A dona de casa tem cartão do Bolsa Família e, como outros 13,8 milhões de famílias beneficiadas no país, teve de declarar a sua renda mensal para ter acesso ao programa.
As declarações de renda são registradas no Cadastro Único, banco de dados nacional das famílias de baixa renda utilizado por Dilma Rousseff para erradicar a miséria --uma das principais bandeiras da presidente para tentar sua reeleição em 2014.
O cadastro é coordenado pelo governo federal e abastecido pelos municípios.
Quem aparece nesse cadastro com renda mensal de até R$ 140 por pessoa tem direito ao Bolsa Família. Acima disso, fica fora do programa.
No Tocantins, essa dona de casa só conversou com a reportagem sob a condição de anonimato. Mas relatos de subnotificação de renda não são incomuns.
Adriano Vizoni/Folhapress |
Fila para recadastramento do Bolsa Família em Miracema, Tocantins (TO), espera passava de duas horas |
Na fila, ela estava sentada ao lado da manicure Roseana Aquino, 34, que diz ter sido cortada do cadastro após declarar renda acima do limite. Agora ela tenta retomar o benefício. "É que o garoto [filho] está ficando cego de um dos olhos. Preciso de ajuda", diz.

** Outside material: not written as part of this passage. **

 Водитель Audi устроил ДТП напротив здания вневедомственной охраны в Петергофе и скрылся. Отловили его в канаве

Na última quarta (20), em Miracema do Tocantins, já passava das 14h e ninguém da prefeitura havia aparecido para atendê-los. A primeira da fila, Neusa Silva, 50, dez filhos (cinco deles atendidos pelos programas sociais), havia chegado às 10h. No mural de avisos, um papel apontava o início do expediente: 12h.
Na cidade, toda a operação de recadastramento das famílias pobres é acumulada pela coordenadora do Centro de Referência de Assistência Social, Meirevalda Santos.

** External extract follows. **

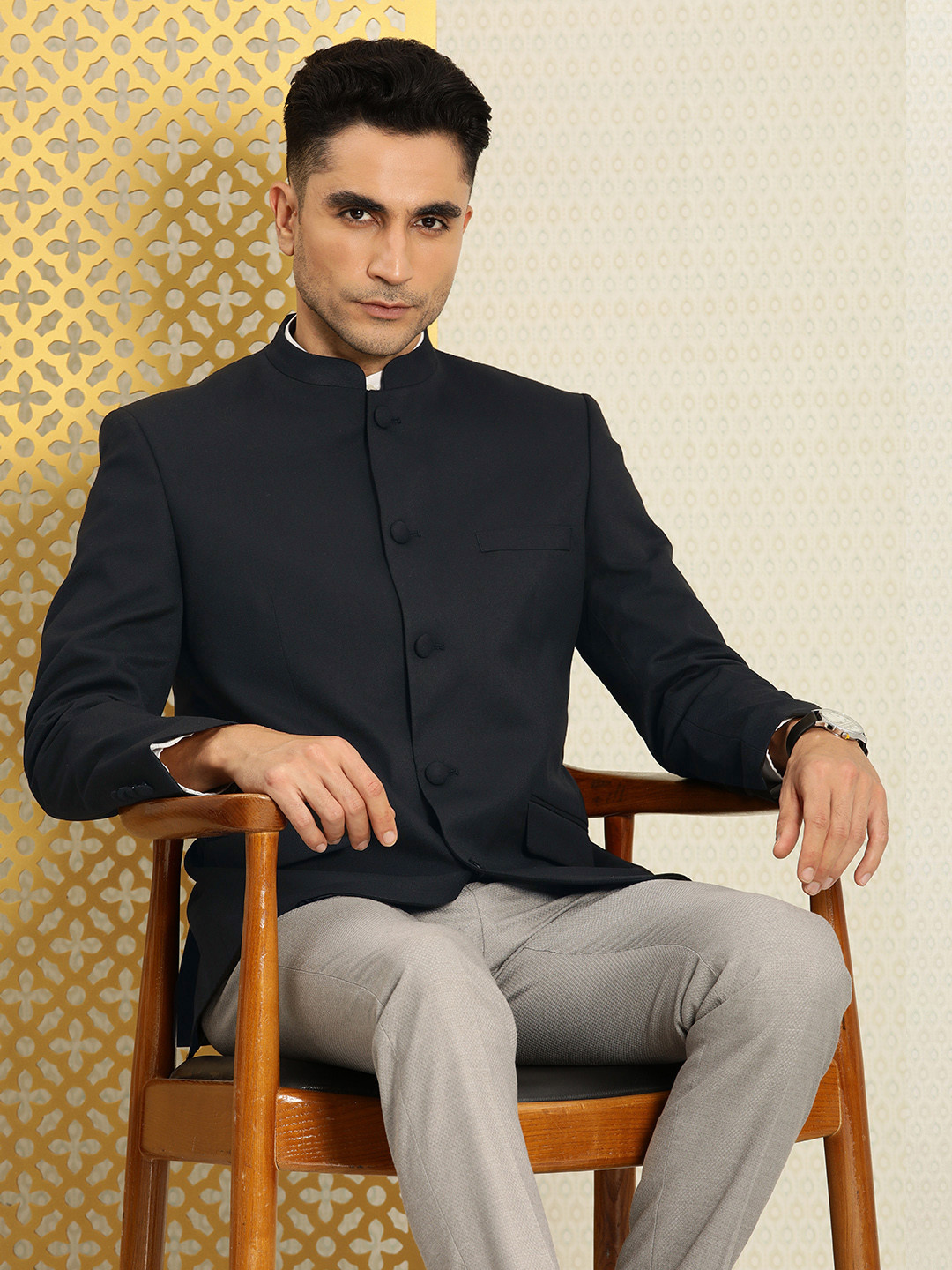 

House of Pataudi Self Design Mandarin Collar Bandhgala Jashn Blazer, Black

Além de haver uma única funcionária para 1.800 beneficiários do Bolsa Família, não há os chamados entrevistadores, aqueles que deveriam fazer a fiscalização "in loco" das informações de renda prestadas pelas famílias, para comprovar a situação.
Naquele dia, faltaram até os formulários de preenchimento dos cadastros, documentos que seriam enviados pelo Ministério do Desenvolvimento Social, para revolta da turma na fila de espera.
Apesar da aparente fragilidade do sistema, não há evidência de fraudes generalizadas no Bolsa Família. O programa costuma ser elogiado por pesquisadores independentes e já passou por algumas avaliações internas.
Em 2012, a Controladoria Geral da União fez um levantamento para avaliar a efetiva aplicação dos recursos. Concluiu que apenas 2,4% das famílias ganham acima da renda declarada.
MESADA
Mesmo quando não há fraude, relatos sugerem como pode ser fácil burlar as regras do programa. Em Lajeado (TO), com pouco menos de 3.000 habitantes e cerca de 240 famílias beneficiadas, a operadora local do Cadastro Único, Deusirene de Souza, diz que já chegou a receber uma proposta de "mesada" de um candidato a beneficiário dos programas.
"Clamaram: 'Pelo amor de Deus, te dou até uma porcentagem do que eu ganhar'", afirmou. Deusirene recebe um salário mínimo pela função.
A aposentada Bernardina Oliveira, 59, diz que perdeu os benefícios "porque falou uma verdade de momento".
O filho, que é pai solteiro, estava trabalhando na hora do recadastramento. Mas ficou desempregado logo depois. "Para mim, é injusto."